Data records:
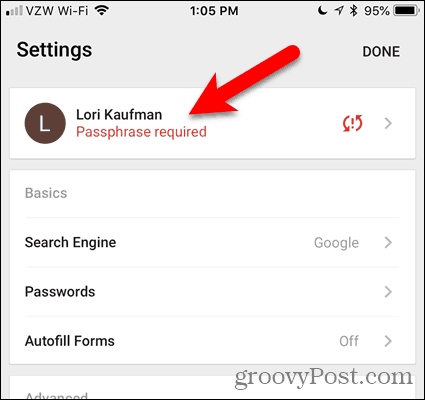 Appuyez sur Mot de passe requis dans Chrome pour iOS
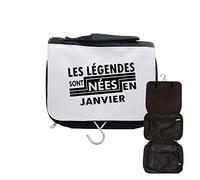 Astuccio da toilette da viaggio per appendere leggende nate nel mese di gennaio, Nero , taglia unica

...

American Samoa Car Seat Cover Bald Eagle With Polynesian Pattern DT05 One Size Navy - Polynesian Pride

What is required:
Give again the lines of the listing above that run from the one with "Appuyez sur Mot" up to and including the one with "Astuccio da toilette". Keep them exact and omit the pictures.

Written answer:
 Appuyez sur Mot de passe requis dans Chrome pour iOS
 Astuccio da toilette da viaggio per appendere leggende nate nel mese di gennaio, Nero , taglia unica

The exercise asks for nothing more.